The following story making the rounds of national news today highlights a situation so egregious that I am compelled to post on it, though I expect to be pilloried by many. I hope our progressive friends will join me in deploring the cruel and unusual punishment inflicted on the convicted criminals covered in this story.
Certainly, persons who commit crimes of rape, sexual assault, sexual abuse of minors and other such acts should be prosecuted. Should these crimes be proven against them, they should face appropriately harsh punishment. I have no problem with treating these crimes as serious.
However, the notion of offender registries and restrictions on where they can live after they have satisfied their criminal sentences is not only unconstitutional but a violation of human dignity. Why? Fair question.
The way the criminal process usually works is this: an activity is determined by the legislator to be worthy of being classified as criminal, and deserving of punishment. Often these acts are inherently contrary to the moral law; sometimes they are contrary only to positive law. Either way, the prohibited act is clearly identified, a range of punishment delineated, an arrest made, a prosecution attempted, a conviction secured, a sentence given–imprisonment or probation or both, and then it’s over. But not so with sex offenders.
The law allows the state to prohibit such persons who have completed their sentences from living in certain areas. Subsequent legislatures widen prohibited areas. The state is allowed to mandate perpetual registration, with public posting of where the person actually does live. Other states can require the person to register even though no crime was committed in its jurisdiction. At no point can this person escape the registry and the public humiliation.
As the below story demonstrates, sometimes the residence restrictions are so severe that there are whole towns or countes where it is nearly impossible to legally live.
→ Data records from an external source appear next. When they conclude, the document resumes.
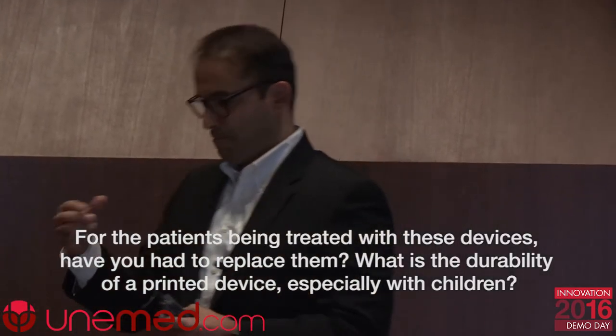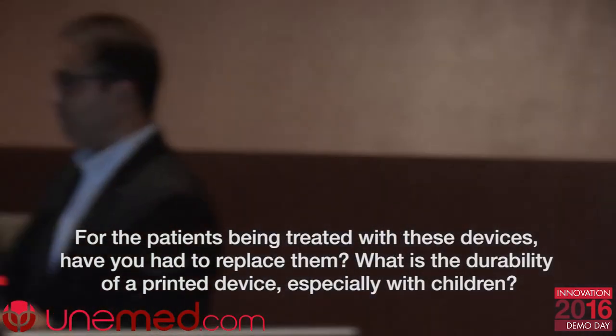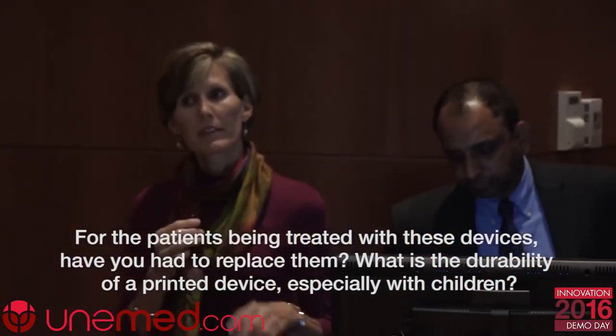Regarding whether patients need to replace devices over time — it really varies. Girls' devices last longer than boys'. The great part about 3D printing is that if they break a piece, we can just reprint that one piece and attach it — we don't need to remake the whole device. When kids grow and get bigger, we simply print a new device at very low cost. Our latest version is much more functional, and kids are getting a lot more use out of it.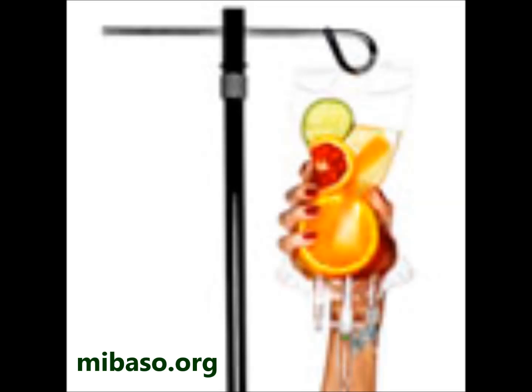Vitamin C helps to regulate blood sugar levels. Since insulin helps vitamin C as well as glucose get into cells, people with diabetes may not have enough vitamin C inside many of their cells — just like glucose, vitamin C can't do its job if it's not inside the cell. Supplementing vitamin C can cause it to go into the body's cells, where it can protect against the many complications of diabetes.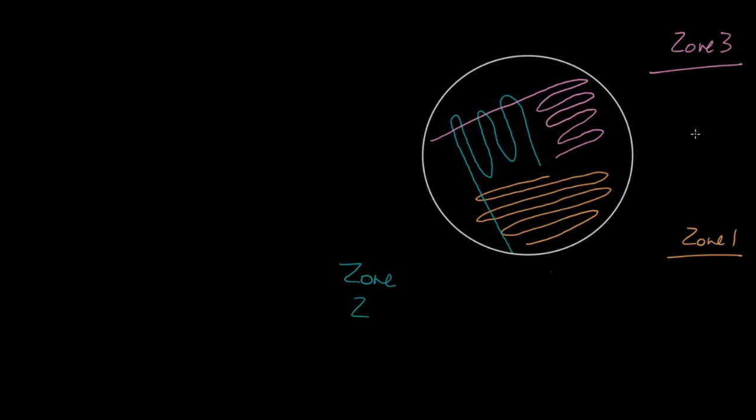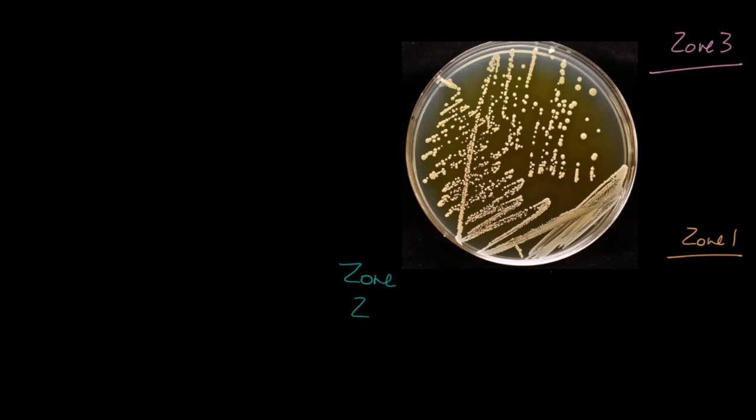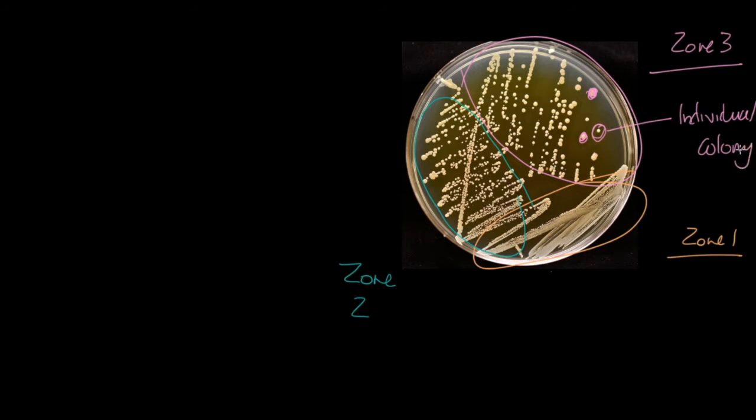We normally rotate the plate rather than repositioning ourselves. With zone three, we pass through zone two and streak across that area. The idea is that zone three has fewer bacteria than zone two, and zone two has fewer than zone one. In zone three we aim to get isolated individual bacteria — one individual bacterium — which can grow into a colony. After incubation we would expect to see individual colonies clearly separated in zone three.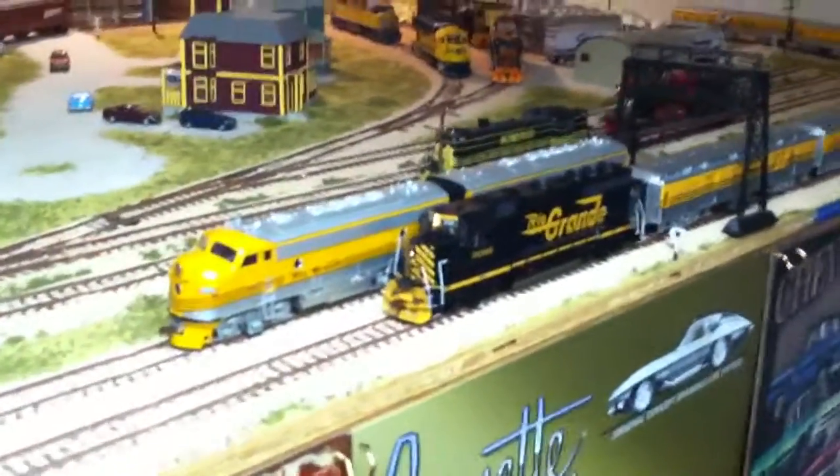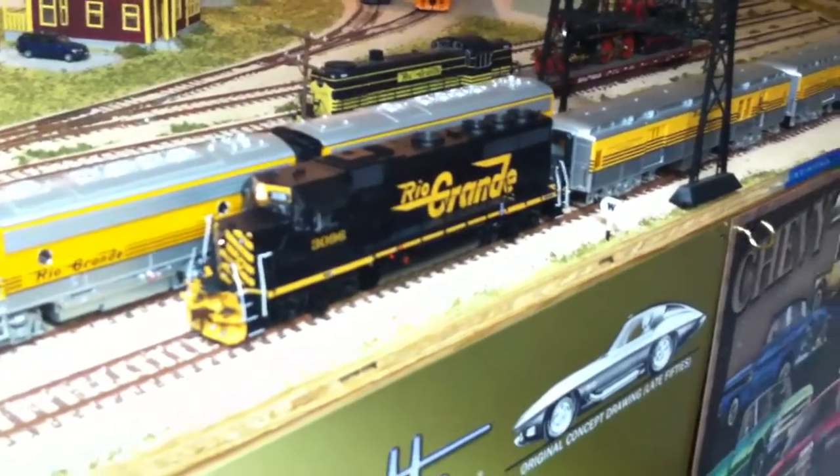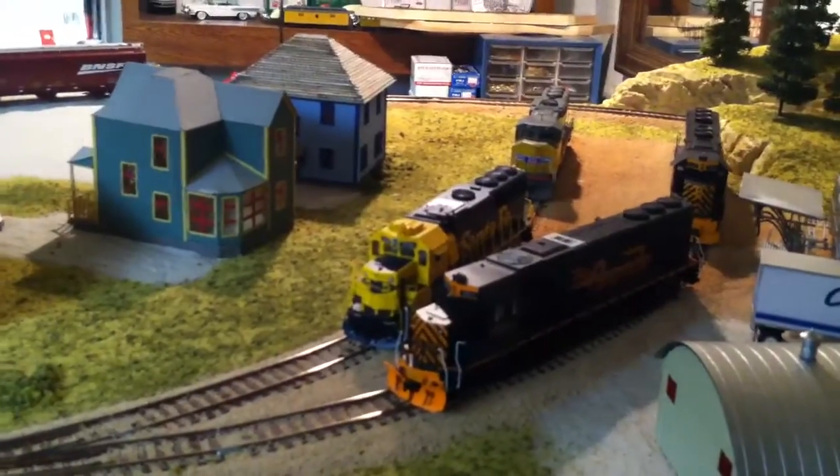Hey guys, no real big additions other than the GP40-2 — it's an Athearn Genesis. I fixed my F7. I also got the Athearn Genesis GP50 in Santa Fe.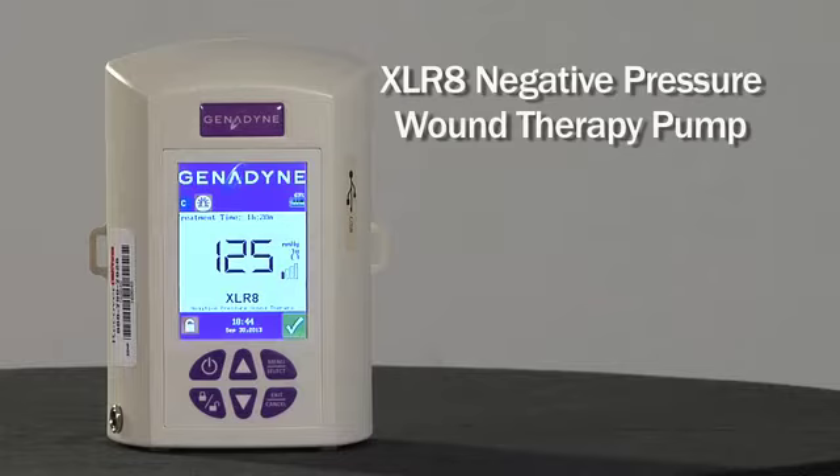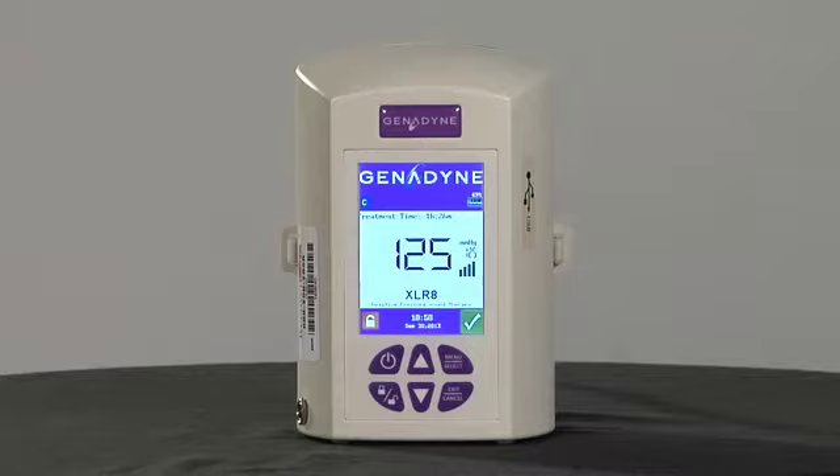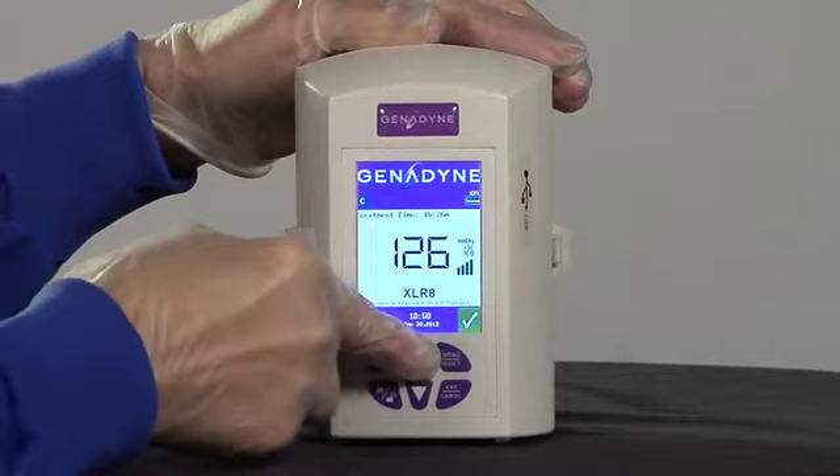Welcome to the educational program on the Accelerate Negative Pressure Wound Therapy Pump. The Accelerate Pump is indicated for use on patients with acute, chronic, partial thickness or full thickness wounds. The Accelerate provides advanced technology using the industry standard negative 125 millimeters of mercury, but may be adjusted in increments of 1 millimeter to meet specific prescribing physician's order.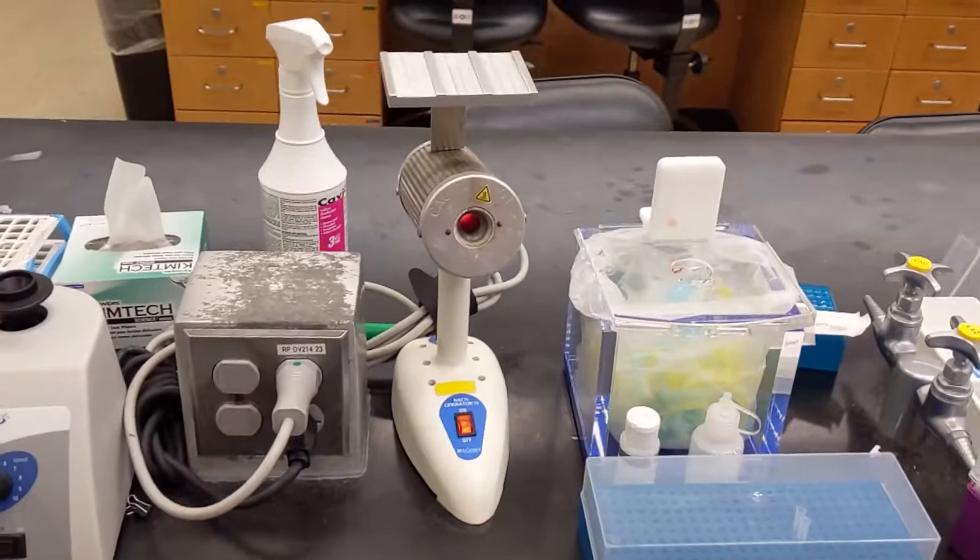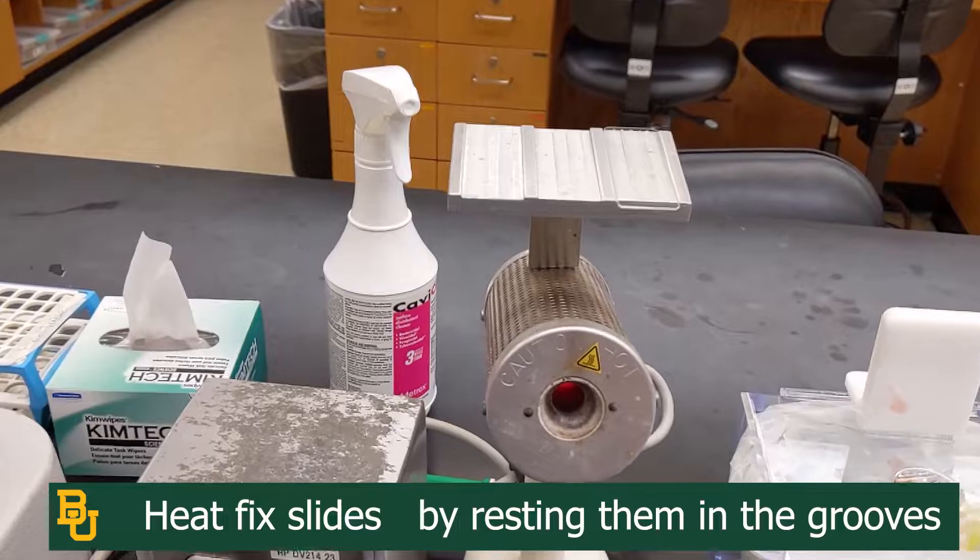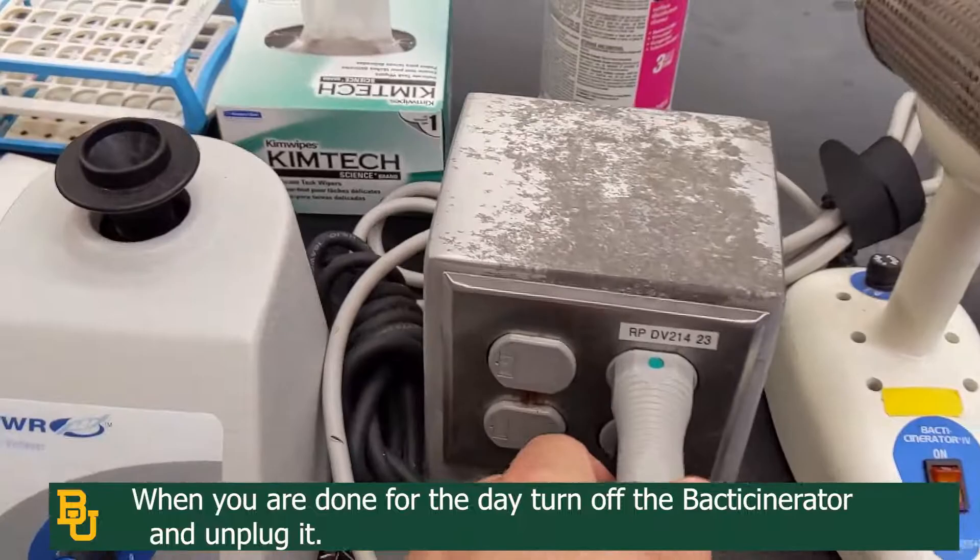Once it's sterile, you can take it out and let it cool down or set it down. You can also use these back decinerators to heat-fix slides once they have bacteria on them. They have small grooves in them to keep slides flush, and thus you'll be able to use them.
Is this fair? Does it matter that a murderer released from prison is treated exponentially better than a person convicted of statutory rape when they engaged in consensual (in some sense, anyway) activity as a teenager with a person perhaps only two years younger than themselves?
If your answer is “yes”, then I ask– if society wants to make certain sexual offenses worthy of a life sentence, then why doesn’t the law require life sentences in prison? Because, in short, this is what they receive. The ostensible goal of registration and residence restrictions is to protect potential future victims, and yet the only way to really protect others from the potential of future criminal activity is to incarcerate offenders for life or execute them. If it is a life offense, make it so.
I think the reason it isn’t is because the system relies upon plea agreements to make the system work, and if the penalty were life without parole, then more trials would ensue. The accused would have nothing to lose. And if there are trials, then young teens, and children, would be forced to testify. This would be horrific for them, but it would be necessary under the Constitution to guarantee due process. Hence, the plea deal– plead guilty and all you get is a brief prison sentence or fine; oh yeah, you get a hidden life sentence, too.
What will the next group of people be to incur the scorn of the state to such an effect?
I realize that by posting this that some will seek to vent against priests or prelates in the combox. I encourage you not to waste the time and energy to write a comment that has no chance to be posted here. What would be welcome would be a reasonable discussion on the issue.
From the story at STLToday:
Homeless Ga. sex offenders directed to woods
By GREG BLUESTEIN
Associated Press Writer
MARIETTA, Ga. (AP) — A small group of homeless sex offenders have set up camp in a densely wooded area behind a suburban Atlanta office park, directed there by probation officers who say it’s a place of last resort for those with nowhere else to go.